May 17, 2006

State of the Union

And I don’t mean the speech the US president holds to the nation every year in January. No, State of the Union is Douglas Kennedy’s latest book from last autumn. I picked it up on my out of Heathrow in November last year, but somehow I have never gotten around to reading it until a couple of days ago. Having read some of his other books like A special relationship and The big picture I thought I was in for treat. Both books were real page-turners that I couldn’t put down. But, boy was I wrong. I never really got into State of the Union, no matter how much I read. The book was just plain boring. For a while I was actually very tempted to just quit, but I’m too stubborn and I love to read.

And I’m lazy too so I’m copying the synopsis:
America in the Sixties was an era of radical upheaval – of civil rights protests and anti war marches; of sexual liberation and hallucinogenic drugs. More tellingly, it was a time when you weren’t supposed to trust anyone over the age of thirty; when, if you were young, you rebelled against your parents and their conservative values.

But not Hannah Buchan.

Hannah is a great disappointment to her famous radical father and painter mother. Instead of mounting the barricades and embracing this age of profound social change, she wants nothing more than to marry her doctor boyfriend and raise a family in a small town.

Hannah gets her wish. But once installed as the doctor’s wife in a nowhere corner of Maine, boredom sets in... until an unforeseen moment of personal rebellion changes everything. Especially as Hannah is forced into breaking the law.

For decades, this one transgression in an otherwise faultless life remains buried. But then, in the charged atmosphere of America after 9/11, her secret comes out and her life goes into freefall.

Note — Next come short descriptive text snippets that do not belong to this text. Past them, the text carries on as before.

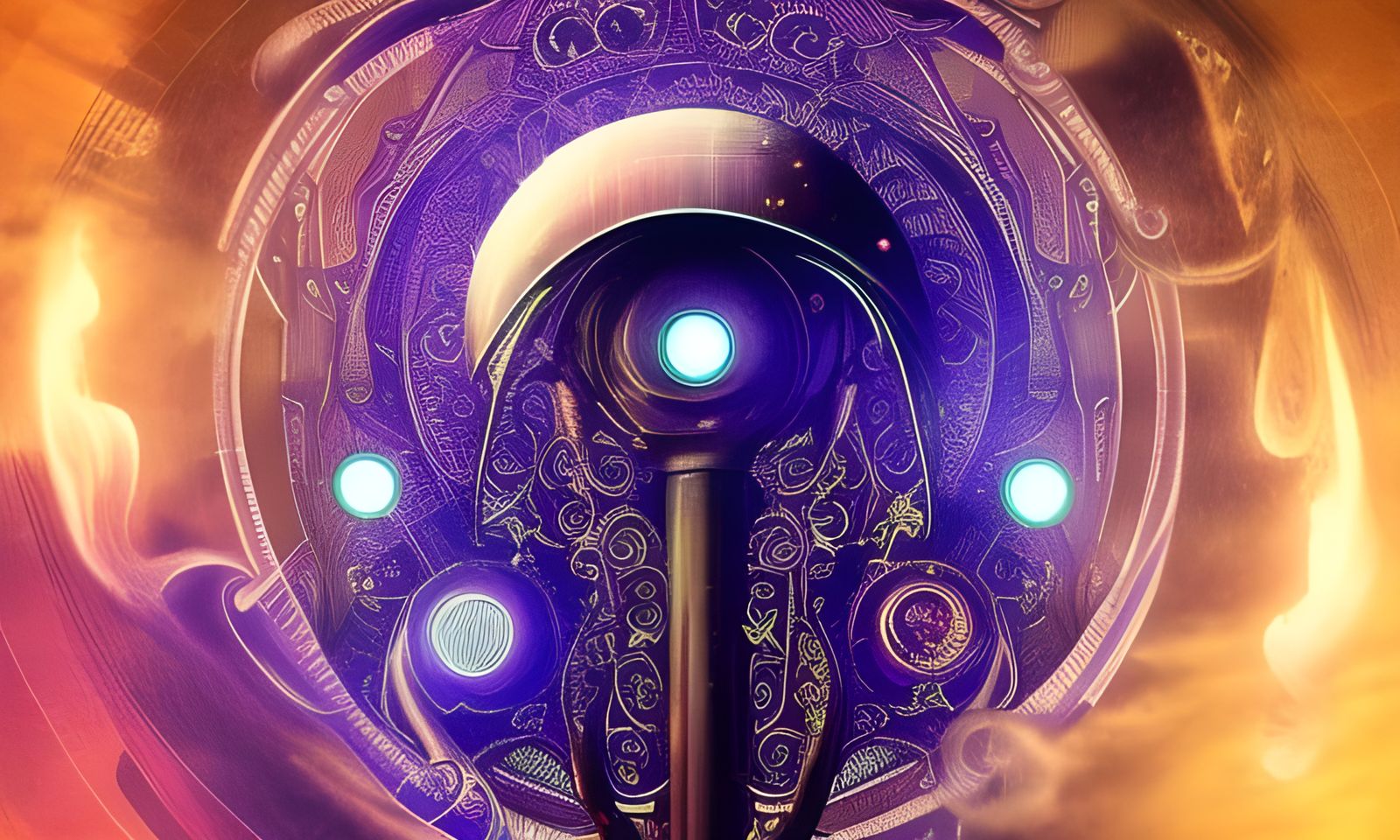 Aetherpunk UFO in Steampunk Art Nouveau Style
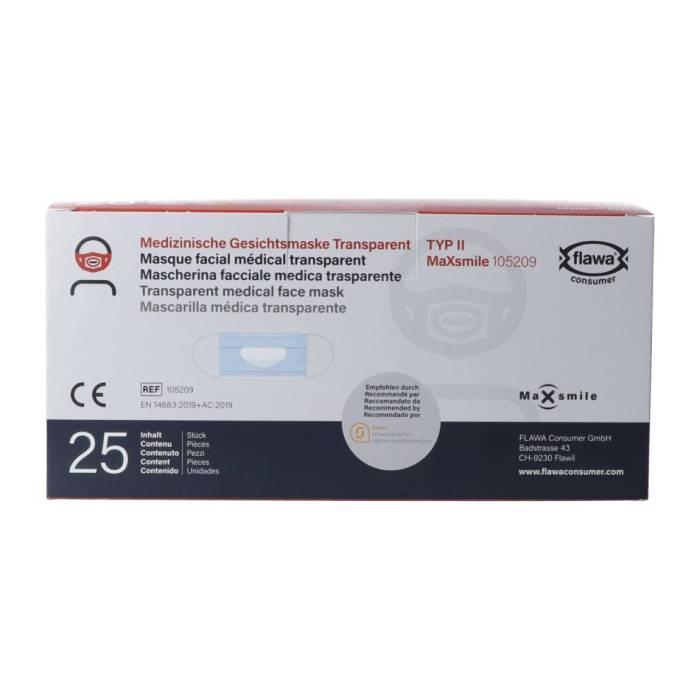 Flawa MaXsmile maschera tipo II trasparente EU 25 pezzi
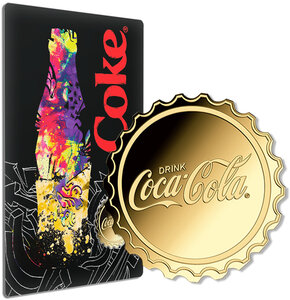 Monnaie COCA-COLA Pop-art Bottle Cap 1/1000 Oz Medaille Or (PRÉCOMMANDE)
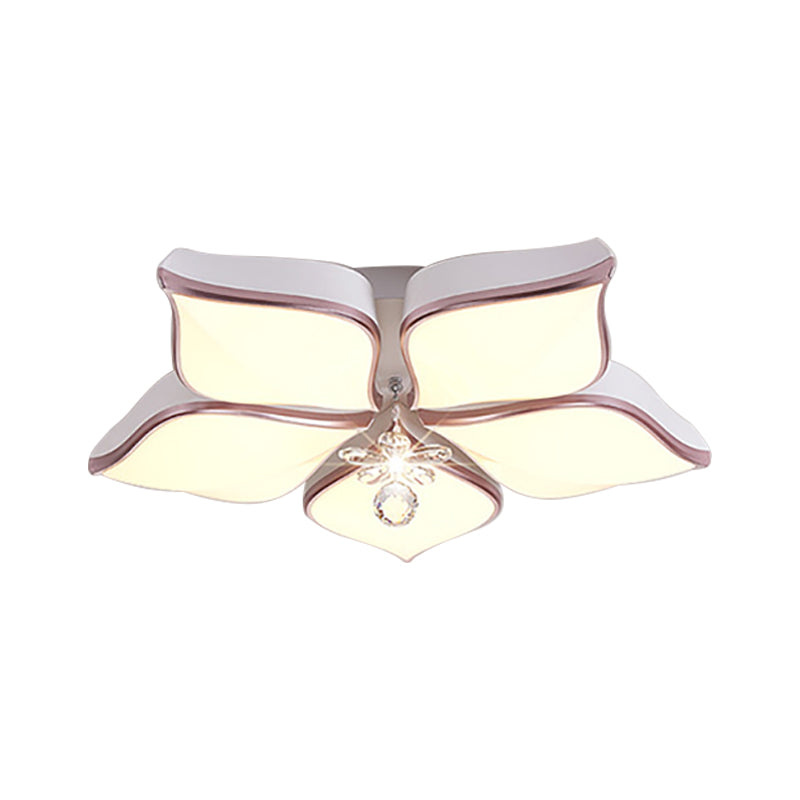 Contemporary Flower Ceiling Mounted Fixture Acrylic 4/5/6 Heads White Flush Ceiling Light with Crystal Drop for Living Room in Warm Clearhalo 'Ceiling Lights' 'Close To Ceiling Lights' 'Close to ceiling' 'Flush mount' Lighting' 149959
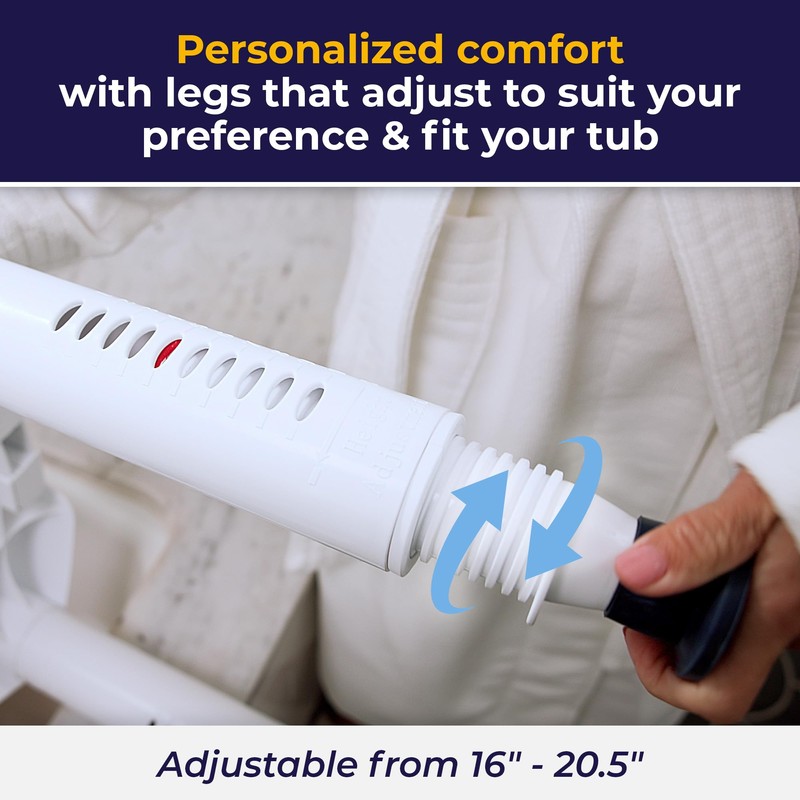 Drive Medical Bathroom Bench with Back & Arms - Adjustable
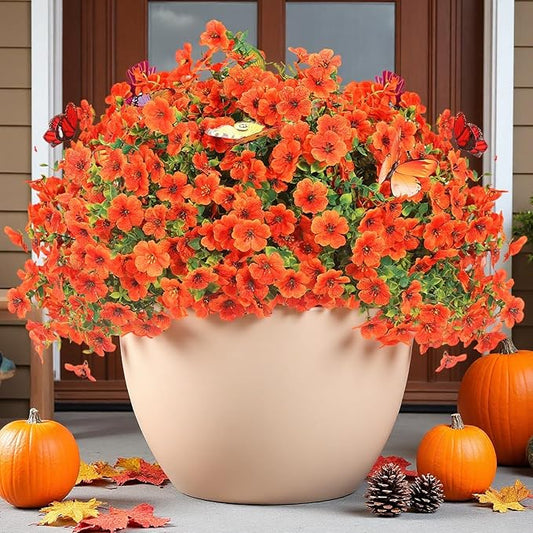 20 Bundles Artificial Flowers for Outdoors‌ with 6 Faux Butterflies, UV Resistant Fake Flowers‌ with Eucalyptus Leaves, Artificial Plants Outdoor‌ for Patio Garden Porch Home Decor (Orange)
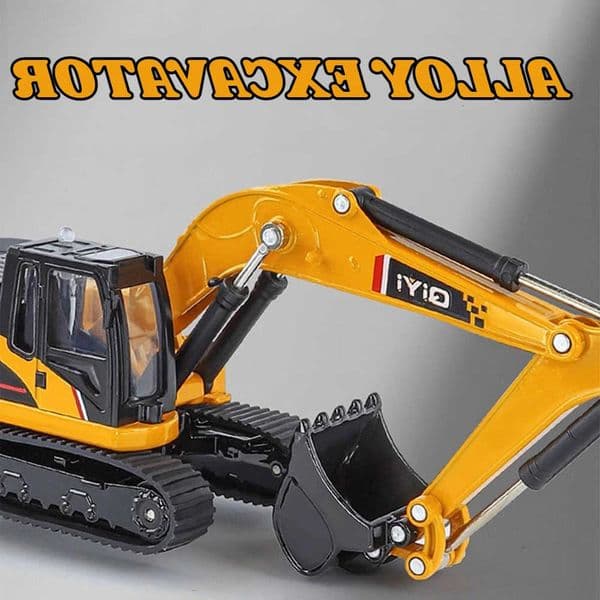 Model 160 Crusher Scale Excavator Car Toy Alloy Diecast Light Sound Truck Wood Grabber Tracked Engineering Vehicles Collection M260605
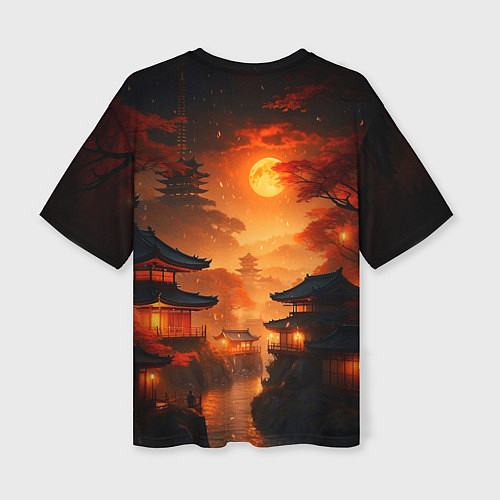 Женская футболка оверсайз Мрачная япония - пейзаж / 3D-принт – фото 2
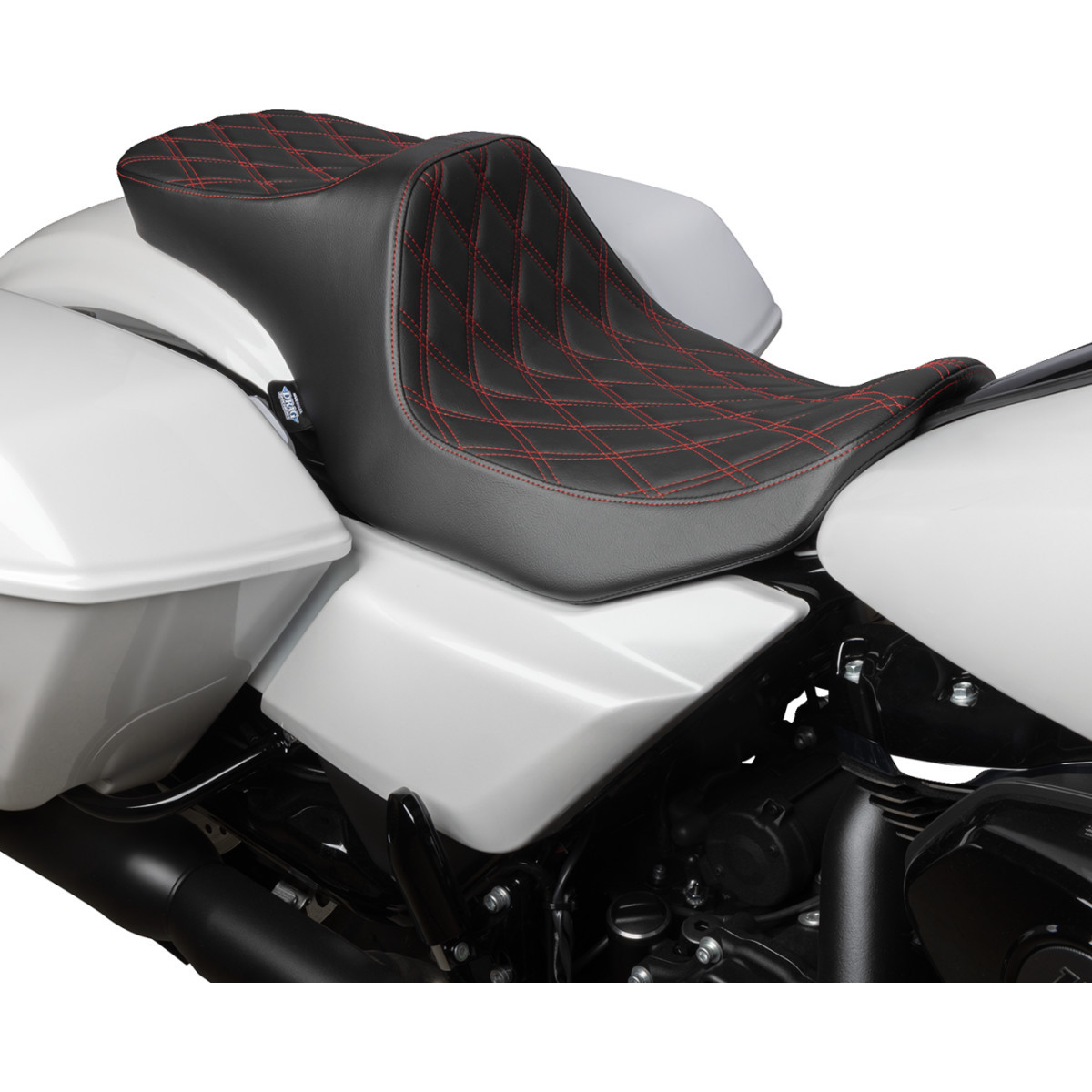 Drag Specialties Seats - Predator III 2-Up Seat - Vinyl - Double Diamond - Red Stitching - FLT/FLH '23-'24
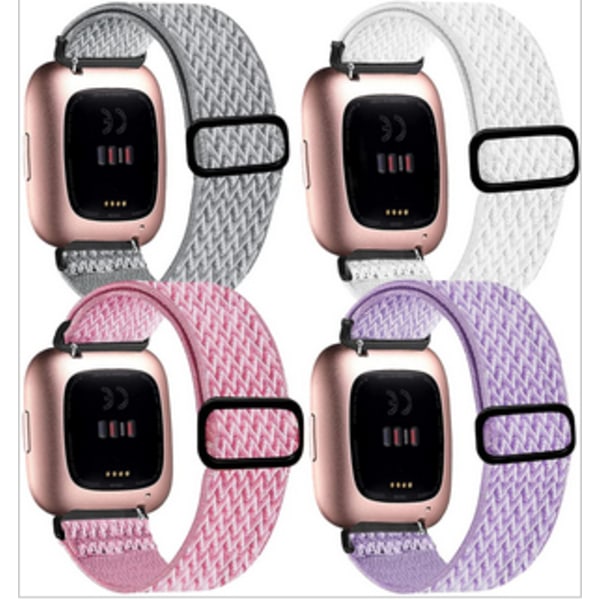 4-pack justerbara elastiska band kompatibla med Fitbit Versa 2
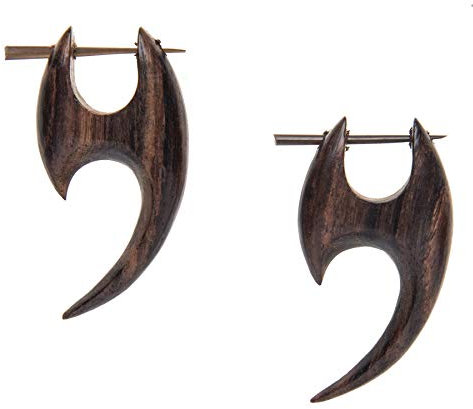 81stgeneration Braune Holzzahn-gothic-ohrringe mit Steckpfosten | Holzohrringe für Damen | Boho Hippie Ohrringe | Gothic Accessoires | Tribal Ohrringe für Männer | Hippie-gothic-schmuck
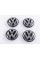 Caps plugs for alloy wheels VW Volkswagen 56 mm black, chrome logo 1J0601171 set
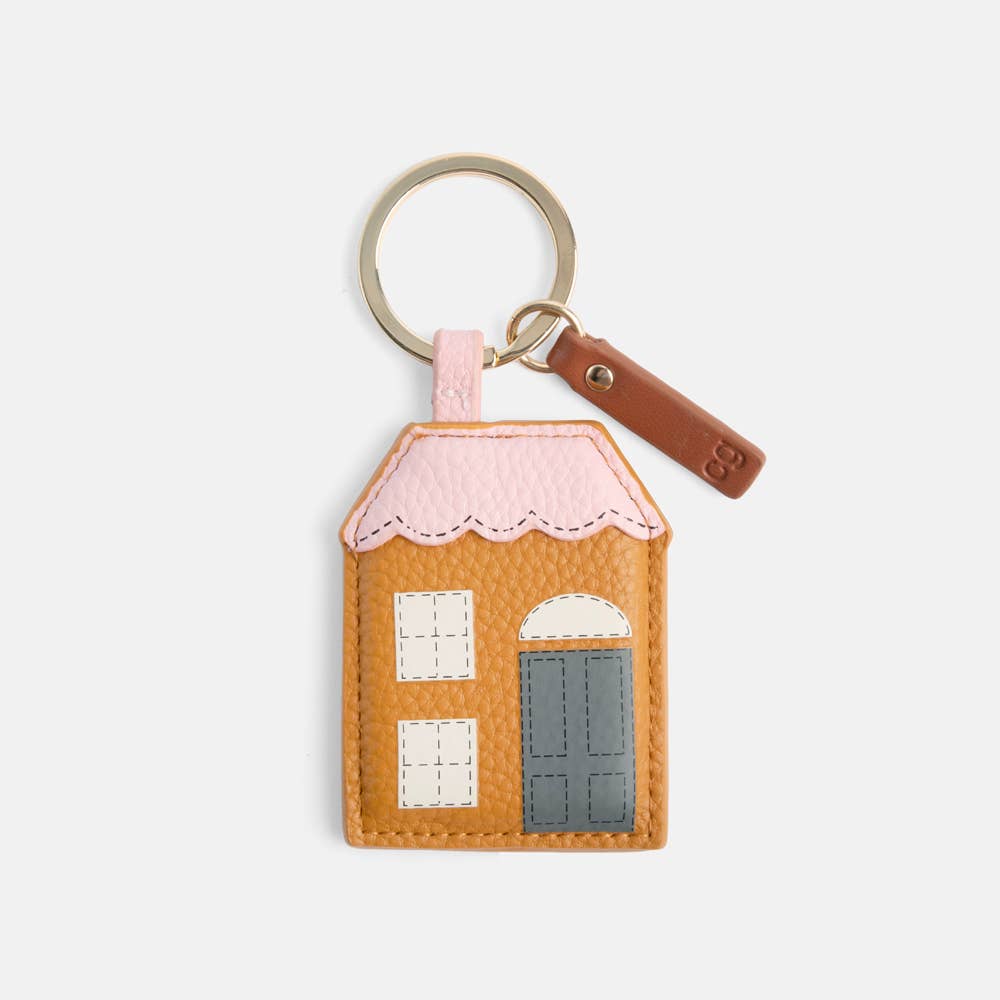 Tan/Pink House Novelty Keyring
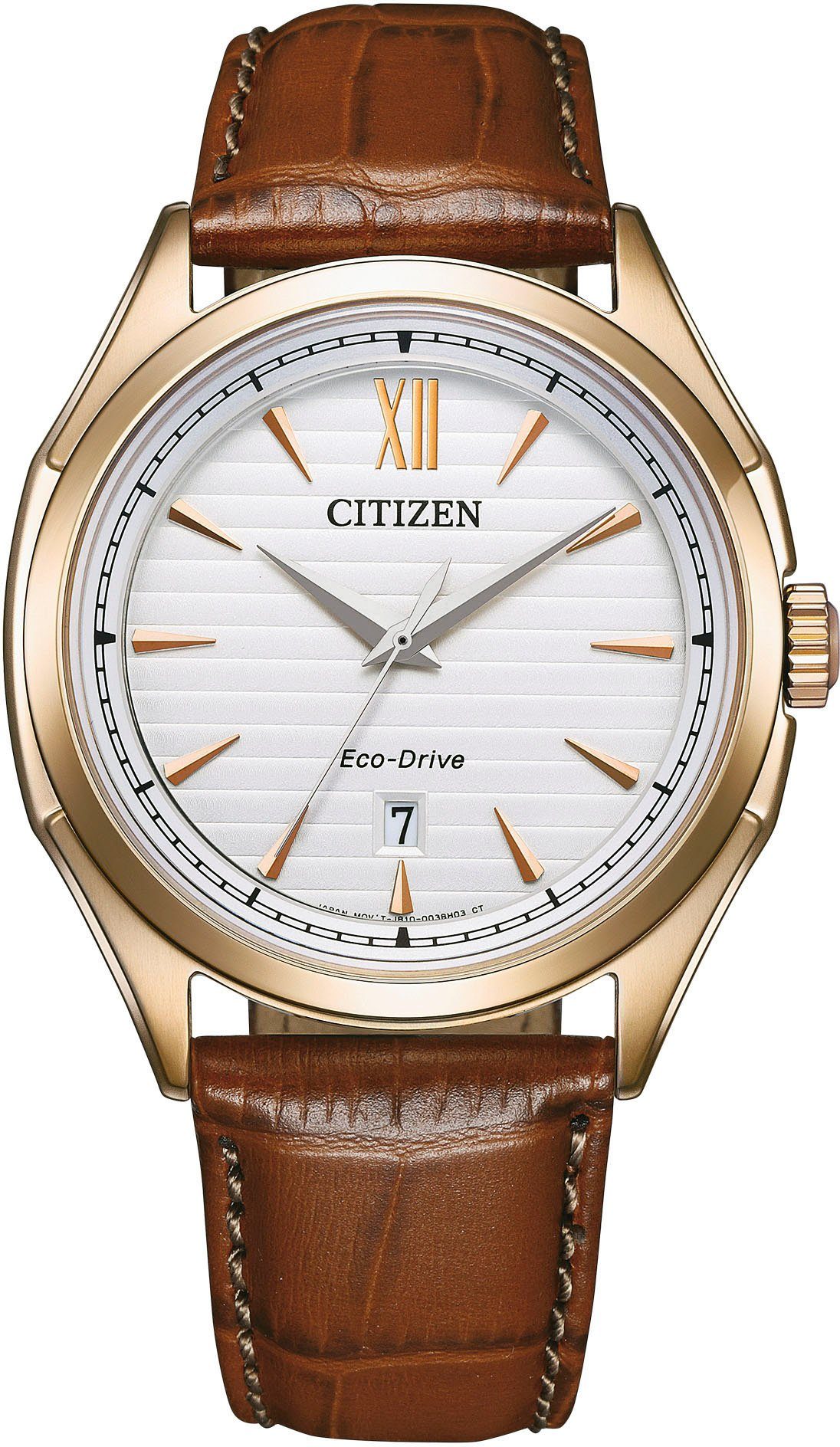 Citizen Solaruhr AW1753-10A, Armbanduhr, Herrenuhr, Datum, Lederarmband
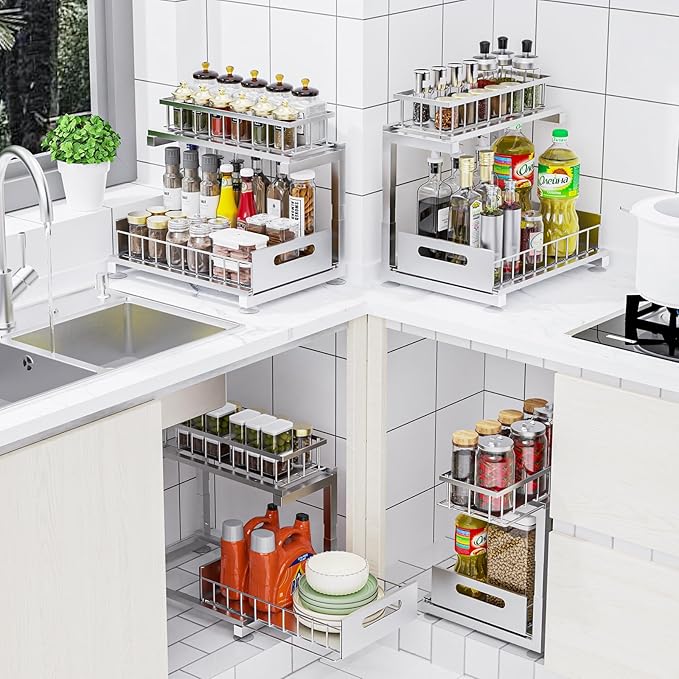 Under Sink Organizer, Heavy Duty Metal Pull Out Cabinet Organizer Slide Out - Image 4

But do recommend you to read A special relationship and The big picture. While reading A special relationship I was so surprised that it was actually a man who had written so intensely about post-natal depression.
Sally Goodchild, a thirty-seven-year-old American journalist, suddenly finds herself pregnant and married to an English foreign correspondent, Tony Hobbs, whom she met while they were both on assignment in Cairo. From the outset Sally's relationship with both Tony and London is an uneasy one - as she finds her husband and his city to be far more foreign than imagined. But her problems soon turn to nightmares when she discovers that everything can be taken down and used against you.

The big picture makes you wonder. Wonder how life would be if you decieded on day to pretending to be someone else.
On the face of it, Ben Bradford is your standard Wall Street hot shot - Junior partner in a legal firm, 6 figure income, wife and two young kids straight out of a Gap catalogue. But along with the WASP lifestyle comes the sting - Ben hates it. He wants - has always wanted - to be a photographer. When he discovers his wife is playing outside the ground, the conseqences of a moment of madness force him to question not just the design of his life but the price of fulfiment. Because finding yourself means nothing when you're pretending to be someone else.